:: MATERIAL FOR THIS TASK ::
----

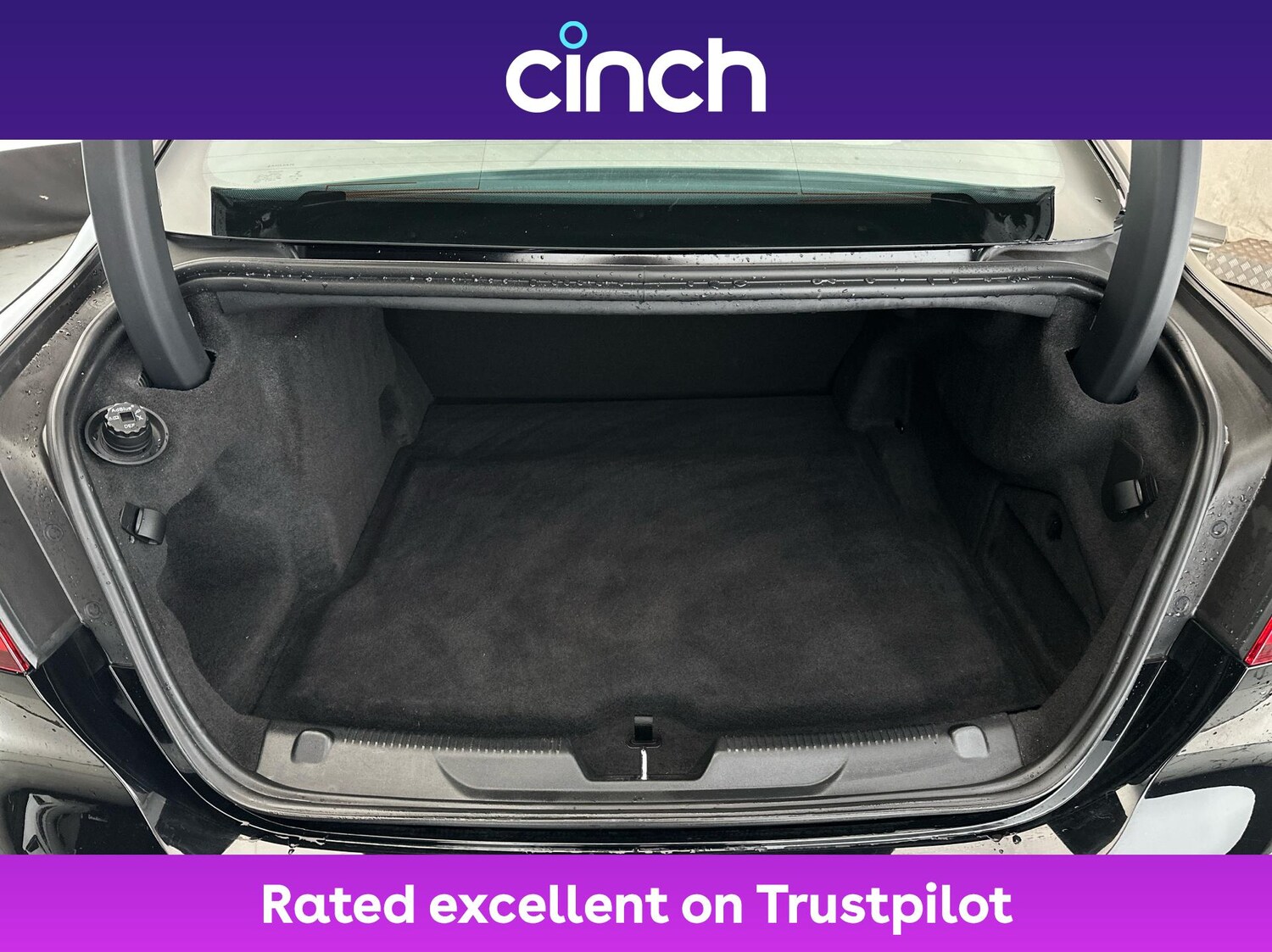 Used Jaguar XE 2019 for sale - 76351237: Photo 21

----

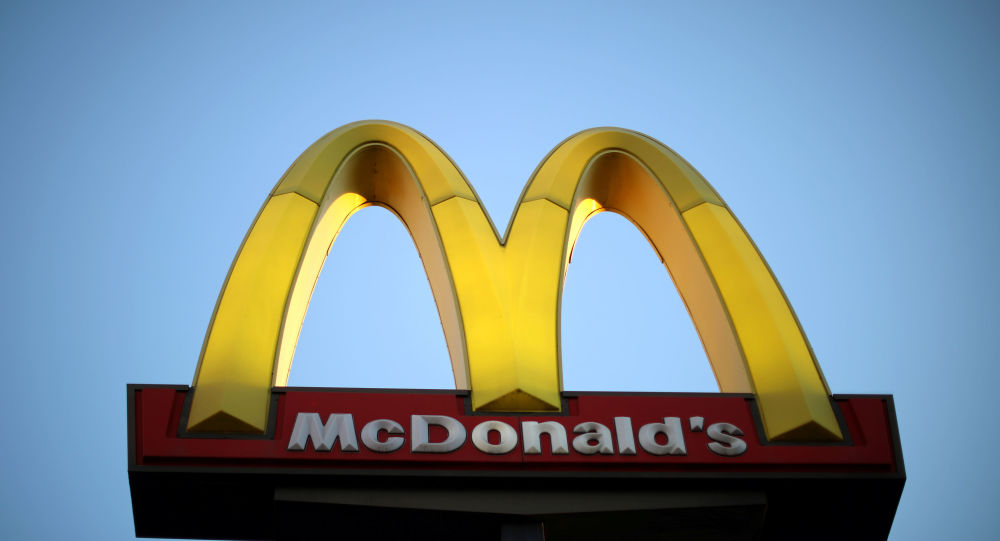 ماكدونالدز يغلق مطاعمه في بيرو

----

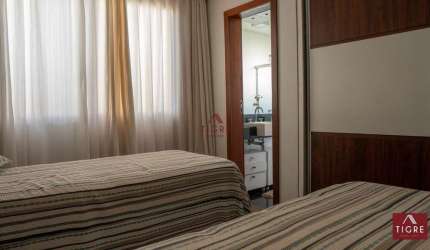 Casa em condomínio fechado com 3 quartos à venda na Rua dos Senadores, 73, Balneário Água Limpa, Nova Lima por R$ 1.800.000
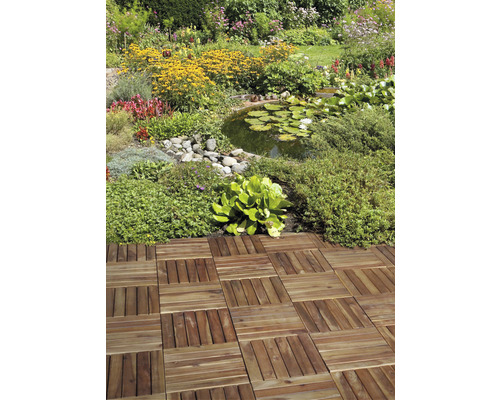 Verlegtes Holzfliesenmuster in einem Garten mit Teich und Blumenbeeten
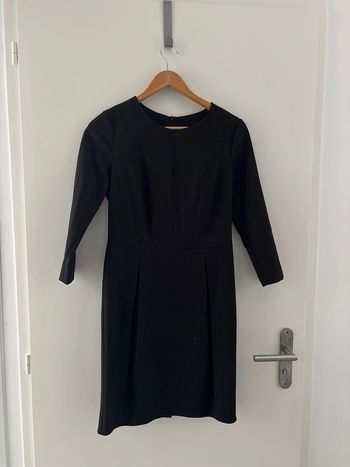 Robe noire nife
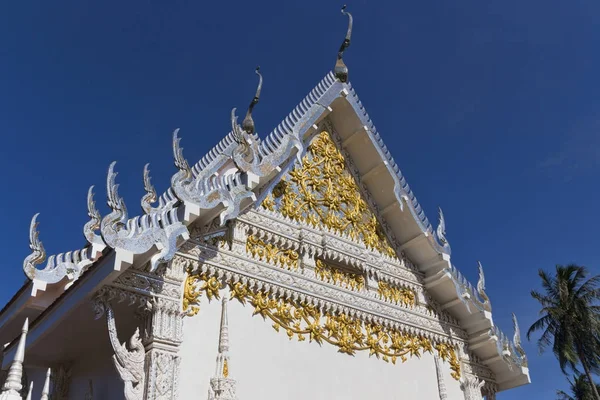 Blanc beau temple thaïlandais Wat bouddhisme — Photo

----

:: WHAT YOU HAVE TO DO ::
Using the records above, return verbatim only the part that opens with the line containing "Casa em condomínio" and closes with the line containing "Robe noire nife"; pictures stay out.

:: YOUR SOLUTION ::
 Casa em condomínio fechado com 3 quartos à venda na Rua dos Senadores, 73, Balneário Água Limpa, Nova Lima por R$ 1.800.000
 Verlegtes Holzfliesenmuster in einem Garten mit Teich und Blumenbeeten
 Robe noire nife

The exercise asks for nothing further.